AI Papers Reader

Personalized digests of latest AI research

View on GitHub

Progent: A New Programming Language for Securing AI Agents

Large language model (LLM) agents are powerful AI systems that can automate tasks by utilizing a diverse set of tools. However, their ability to interact with the external world also presents significant security risks, as malicious actors can inject prompts that lead agents to perform dangerous actions. To address these challenges, researchers from UC Berkeley and UC Santa Barbara have introduced Progent, a novel privilege control mechanism that allows developers to programmatically define and enforce security policies for LLM agents.

Progent operates on the principle of least privilege, allowing only essential actions for task completion while blocking unnecessary ones.

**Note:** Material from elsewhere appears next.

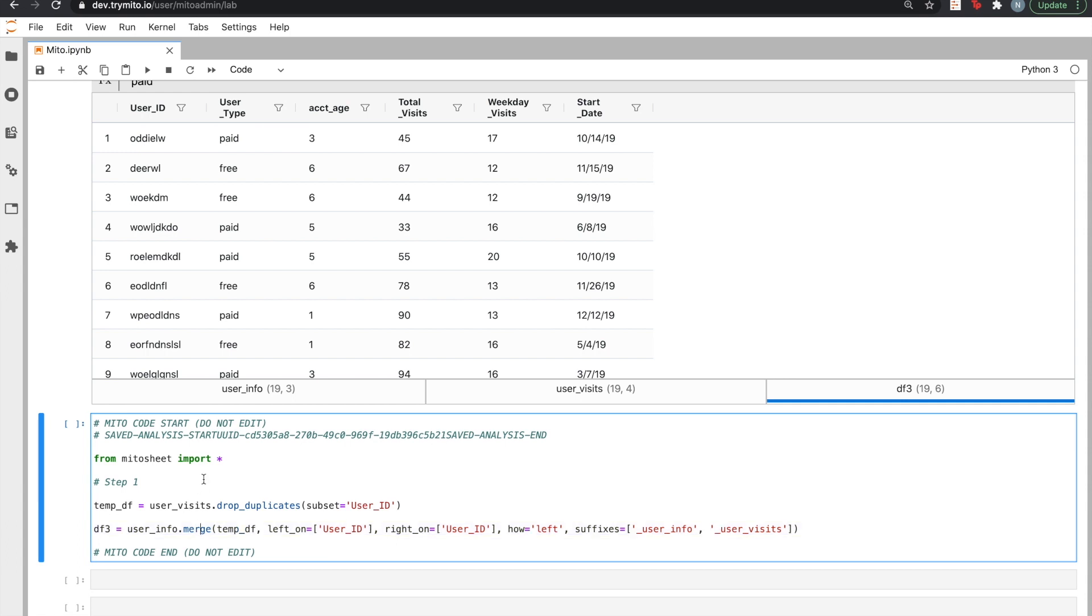As we'll show in the rest of this demo, this generated Python code will allow you to use a spreadsheet to build quick, powerful, and repeatable spreadsheet analyses.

At the core of Progent is a domain-specific language (DSL) that enables flexible expression of privilege control policies during agent execution. These policies provide fine-grained constraints over tool calls, deciding when they are permissible and specifying fallback actions if they are not.

For instance, imagine an LLM agent designed to manage a user’s email. Using Progent, a developer can create a policy that allows the agent to send emails and select recipients but blocks the ability to delete emails, preventing malicious actors from exploiting the agent to erase important messages.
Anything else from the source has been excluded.